You’re an early adopter, right? Remember that LCD HDTV you bought to replace that faulty, wooden, 27-inch console television? Remember the HD-with-built-in-HDDVD-player TV you bought to replace that? Remember the HDTV you switched back to, wisely purchasing a separate Blu-Ray player? Remember the 3DTV you bought six months ago, flippantly disregarding the complete lack of content and criminal cost of 3D glasses? Good times. You’ve torn your wallet all sorts of new orifices, haven’t you?

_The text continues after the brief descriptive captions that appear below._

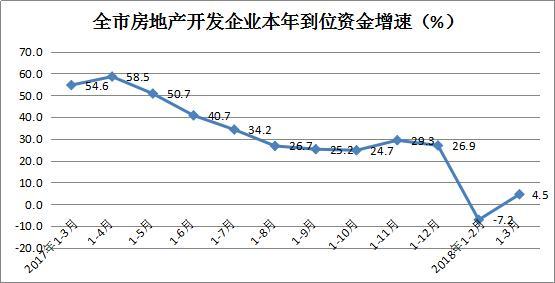 西安房价缩量上涨中的焦虑与警惕:\＂一起飞\＂的憧憬有多靠谱?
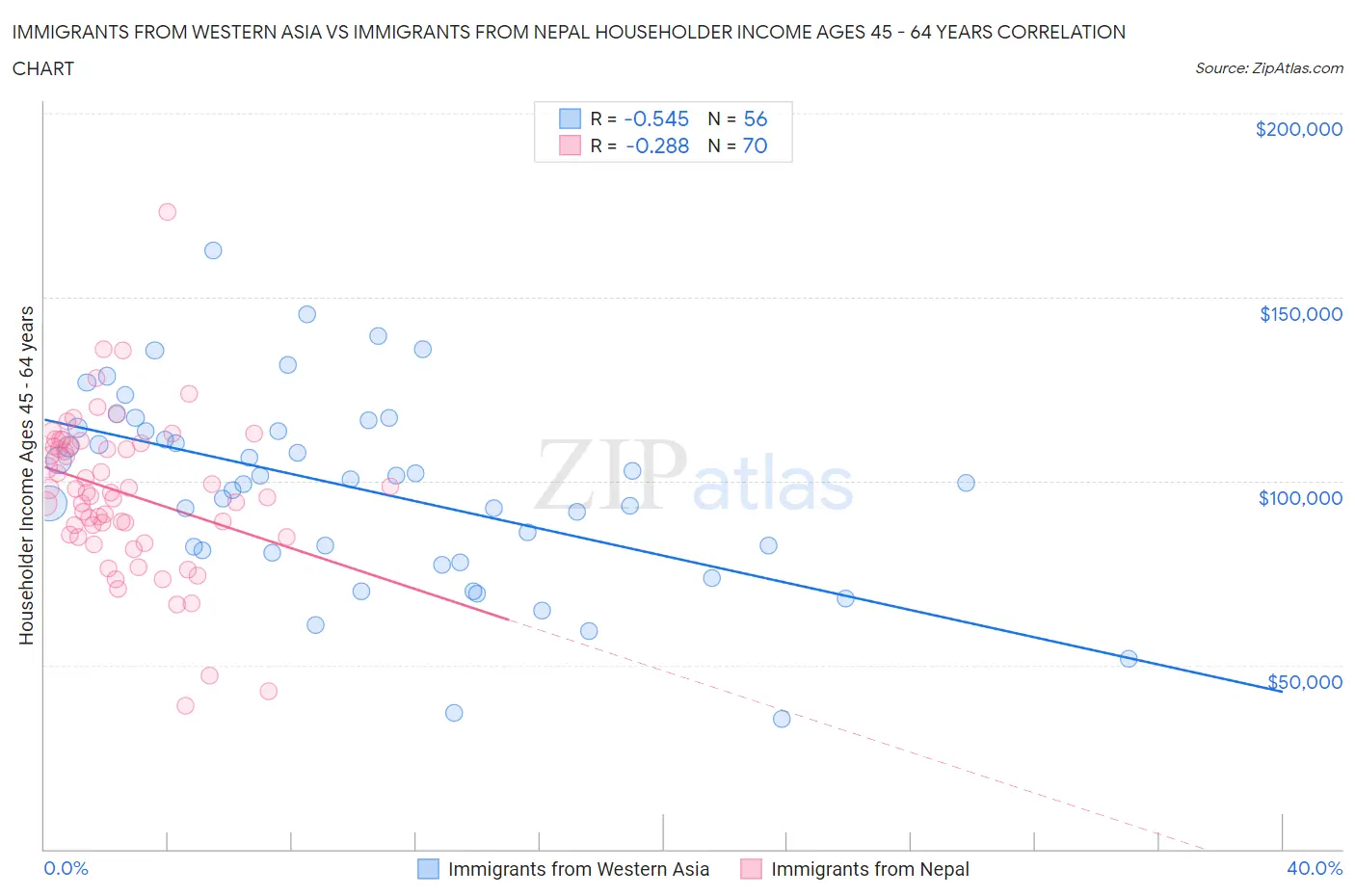 Immigrants from Western Asia vs Immigrants from Nepal Householder Income Ages 45 - 64 years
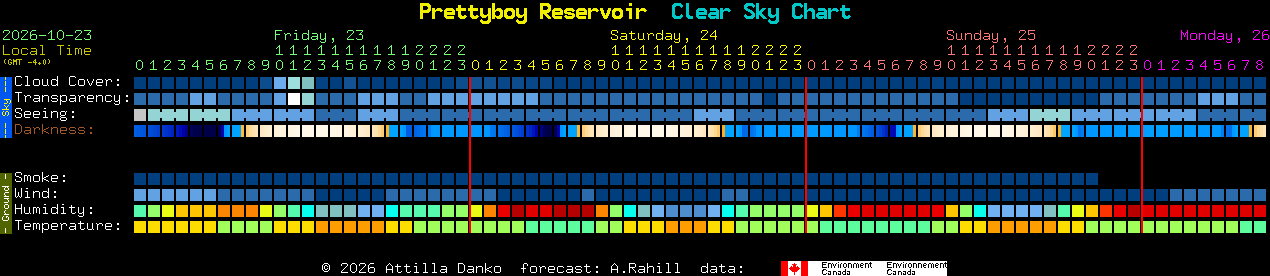 Current forecast for Prettyboy Reservoir Clear Sky Chart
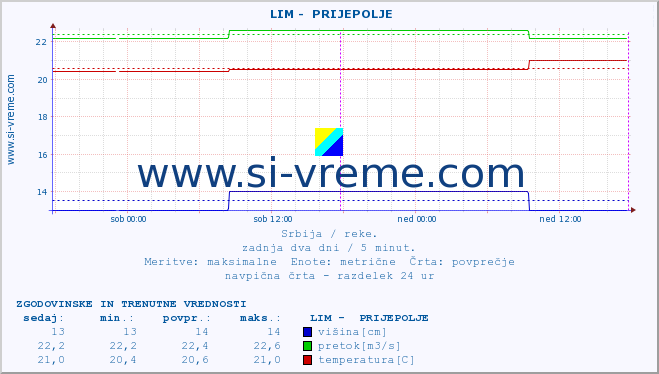 POVPREČJE ::  LIM -  PRIJEPOLJE :: višina | pretok | temperatura :: zadnja dva dni / 5 minut.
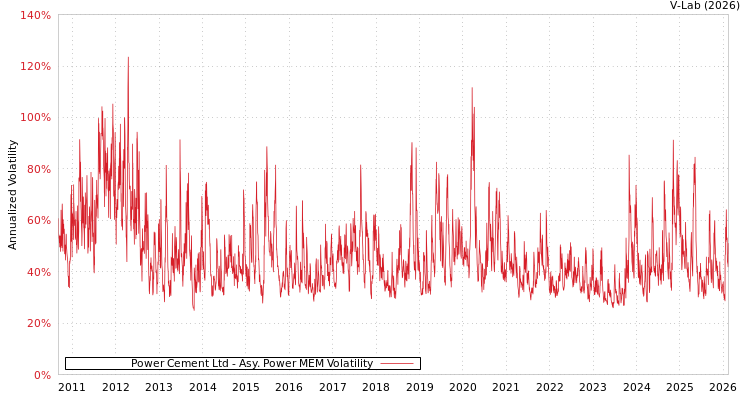 graph of Power Cement Ltd APMEM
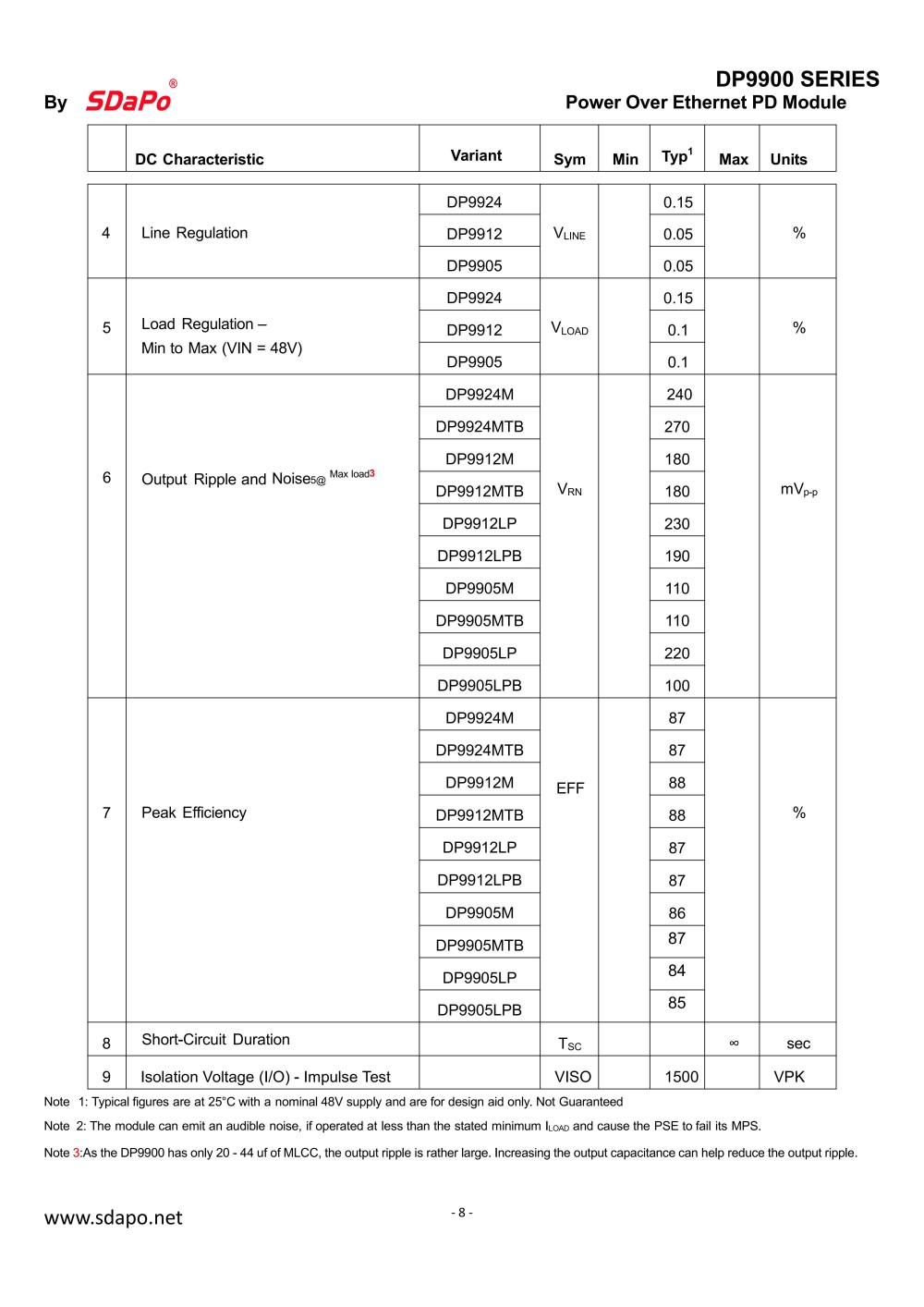 DP9900 202511Datasheet_08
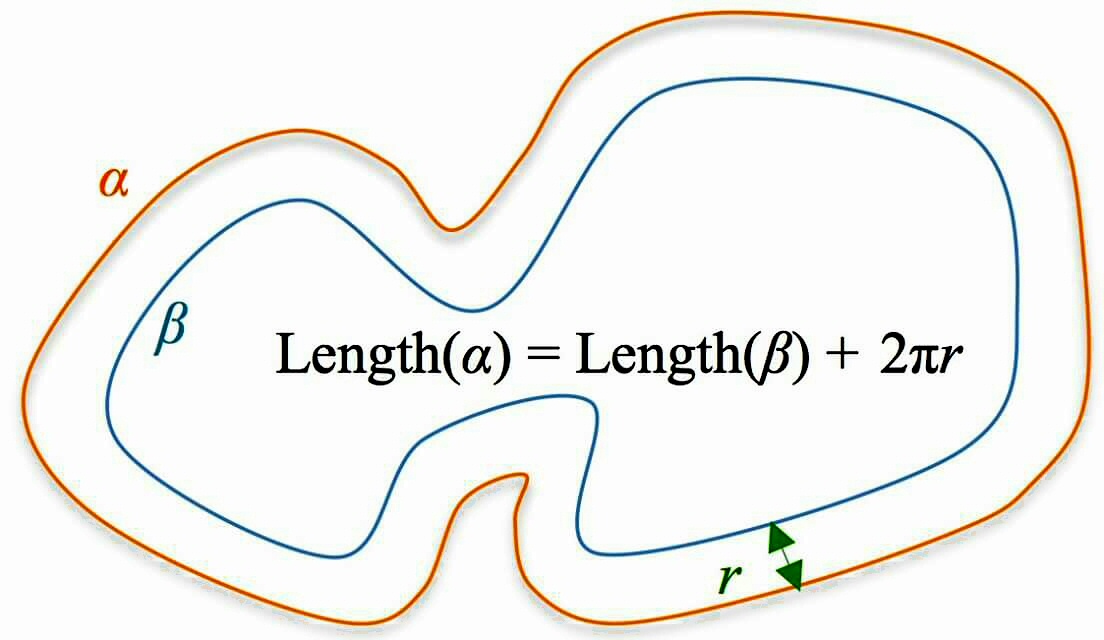 pickover's tweet image. Mathematics.
Two "parallel" closed smooth curves. Is it true that Length (α) = Length (β) + 2πr?
Source: bit.ly/2hYdDhx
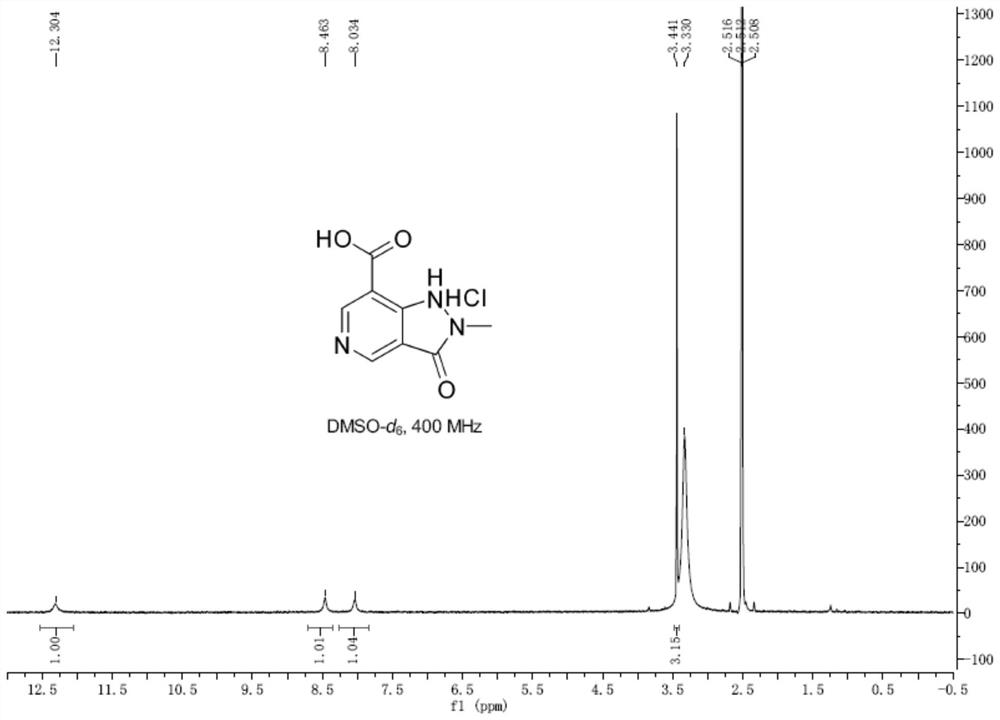 Preparation method of 2-methyl-3-carbonyl pyrazolo [4, 3-c] pyridine-7-carboxylic acid hydrochloride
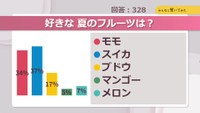 好きな夏のフルーツは？【みんなに聞いてみた】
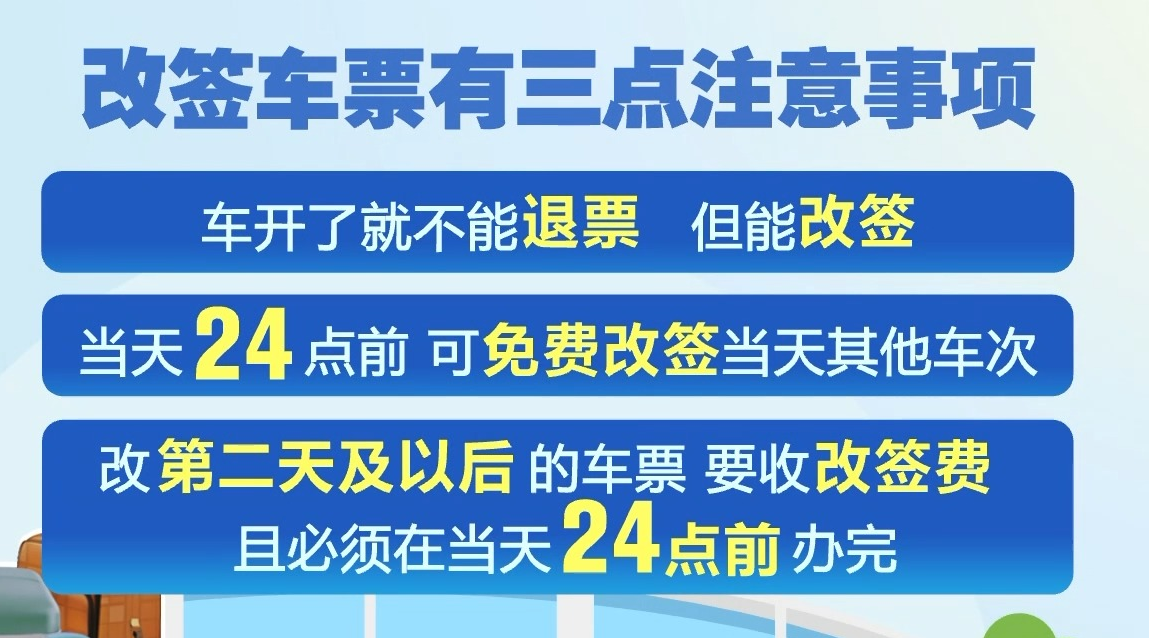 没赶上火车，车票作废吗？这样改签不花冤枉钱→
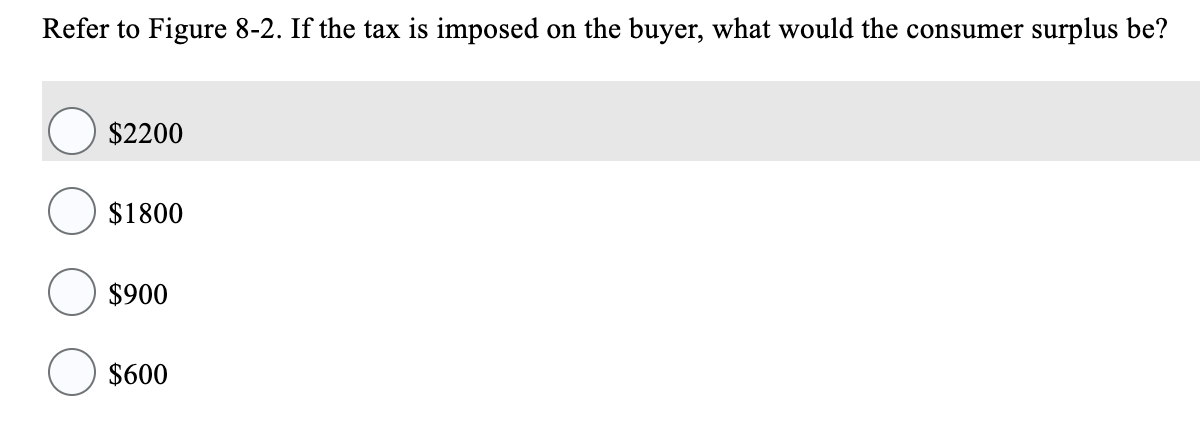 Refer to Figure 8-2. If the tax is imposed on the buyer, what would the consumer surplus be?
$2200
$1800
$900
$600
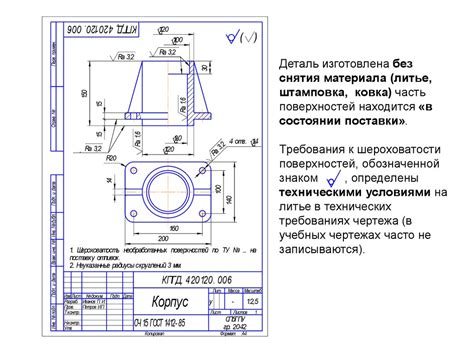 Технические требования для успешной интеграции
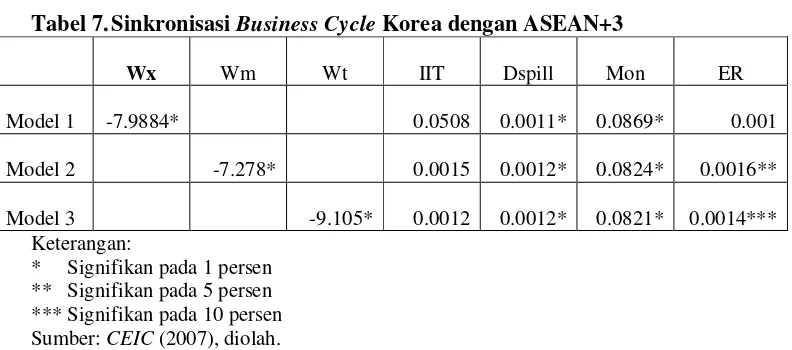 Tabel 7. Sinkronisasi Business Cycle Korea dengan ASEAN+3 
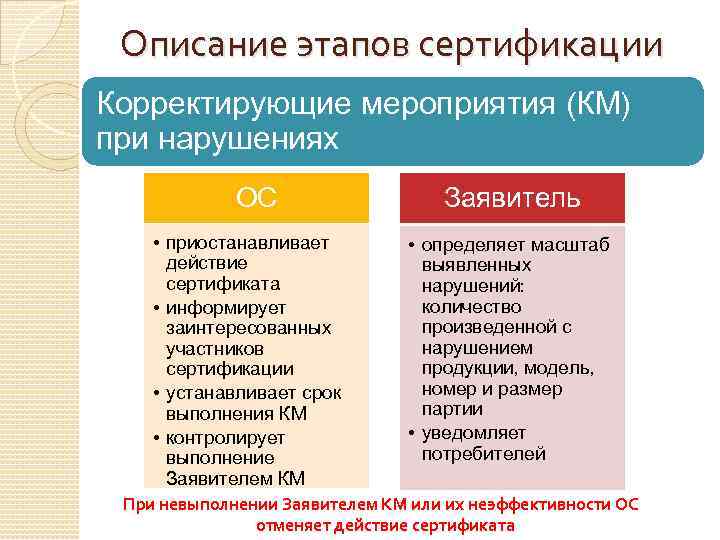 Описание этапов сертификации Корректирующие мероприятия (КМ) при нарушениях ОС • приостанавливает действие сертификата •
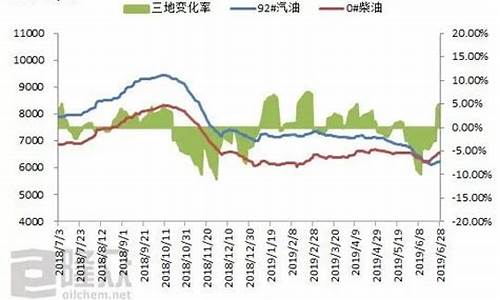 2019汽油价格如何查询_2019汽油价格如何查询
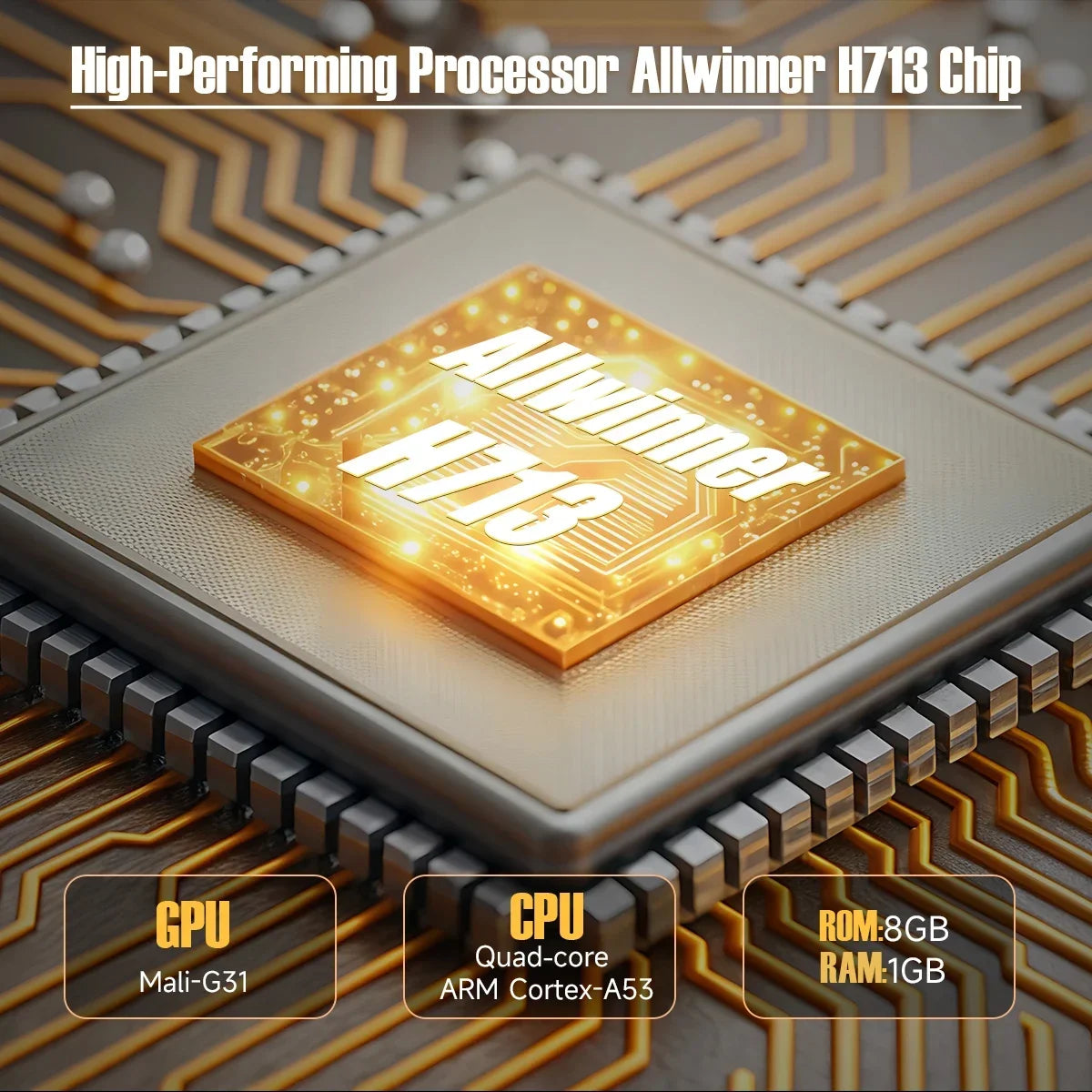 Magcubic projector high performing processor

Well, don’t let it rest just yet. Toshiba, fancy folk as they are, are dropping a glasses-free line of 3DTVs this December in Japan.
Basically, it works exactly like the 3DS’ ‘parallax barrier’ – a layer of lenses scatters light to nine ‘sweet spots’ around the room, wherein you’ve gotta sit if you’re not interested in watching a blurry mess. Luckily, if you are interested, there’s probably like 100 spots around the room that totally suck. This technology isn’t exactly the cat’s ass just yet.
But either way, I’m glad Toshiba’s daring to take this route – if I were first of all silly enough to buy into this 3D nonsense, I certainly wouldn’t be willing to justify two hundred bucks for a pair of goddamned glasses. Glasses-free has to be the future – nay – the present of 3D, or we’re all gonna look back in 30 years, as we sit back watching our prime time 2D programming, laughing together about how stupid we were to give a damn about Avatar.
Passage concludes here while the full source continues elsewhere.